Former Sen. Rick Santorum of Pennsylvania, who surged into a virtual tie with Romney in Tuesday’s Iowa caucuses, promoted his record of working in Congress on issues such as Iran as a better model for presidential leadership than Romney’s record as a private-equity capitalist.
“Business experience doesn’t necessarily match up with being the commander-in-chief,” Santorum said, referring to Romney. “The commander-in-chief of this country isn’t a CEO.”
Romney, co-founder of the Bain Capital investment company, responded firmly and deliberately.
“People who spend a lot of time in Washington don’t understand what happens in the real economy,” he said. “They think people who start businesses are just managers... Those people are leaders. My experience is in leadership.”
Former House Speaker Newt Gingrich also went after Romney’s record at Bain, a company that invested in other businesses, sometimes forcing job layoffs.
“I’m not nearly as enamored of a Wall Street model where you can flip companies, you can go in and have leveraged buyouts, you can basically take out all the money, leaving behind the worker,” Gingrich said.

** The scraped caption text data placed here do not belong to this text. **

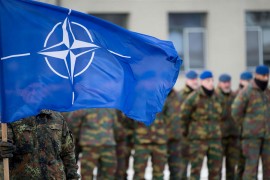Zastava NATO-a sutra ispred Vlade Makedonije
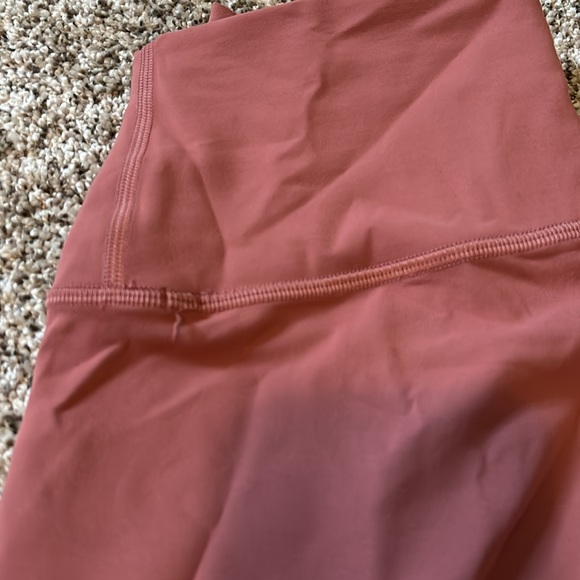 Wunder train contour fit lulu lemon leggings - Picture 6 of 8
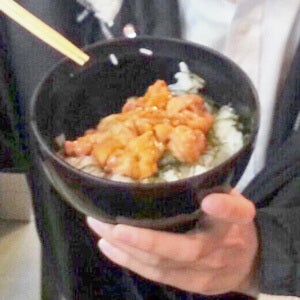 北海道のウニは、味が違う気がする…！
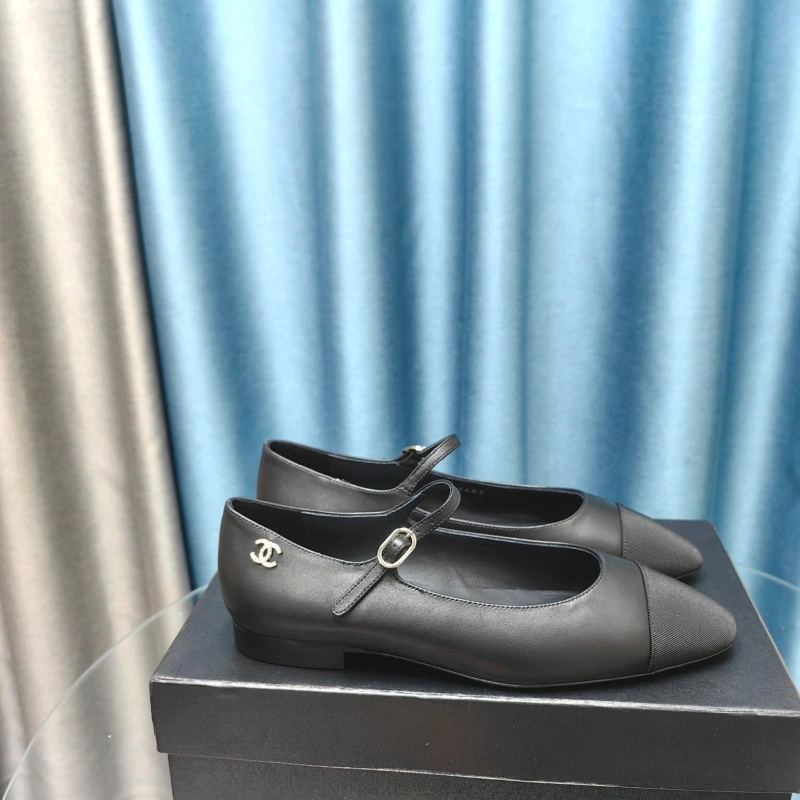 Sleek Chxnxl Flat Shoes 131838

“It always pained me” to downsize a business to make it financially successful, Romney said. But overall, he added, the businesses his company invested in “have now added more than 100,000 jobs.
Co-sponsored by Yahoo News and televised on ABC from Saint Anselm College, the two-hour debate was the first of a two-debate weekend showdown. The same group debates Sunday for 90 minutes on NBC’s “Meet the Press.” The first hour will be televised.
Together, the debates offered Romney a chance to solidify his overwhelming double-digit lead in the state, and a last chance for all the others to become the single conservative alternative before the race heads south to South Carolina, which votes on Jan. 21.
Polls show Romney with about 41 percent in New Hampshire, followed by Rep. Ron Paul of Texas with 20 percent. After that, it’s a three-way fight for third between Santorum with 11 percent and Gingrich and former Gov. Jon Huntsman of Utah each with 9 percent. Gov. Rick Perry of Texas, who’s not campaigning in the state, trails with 1 percent.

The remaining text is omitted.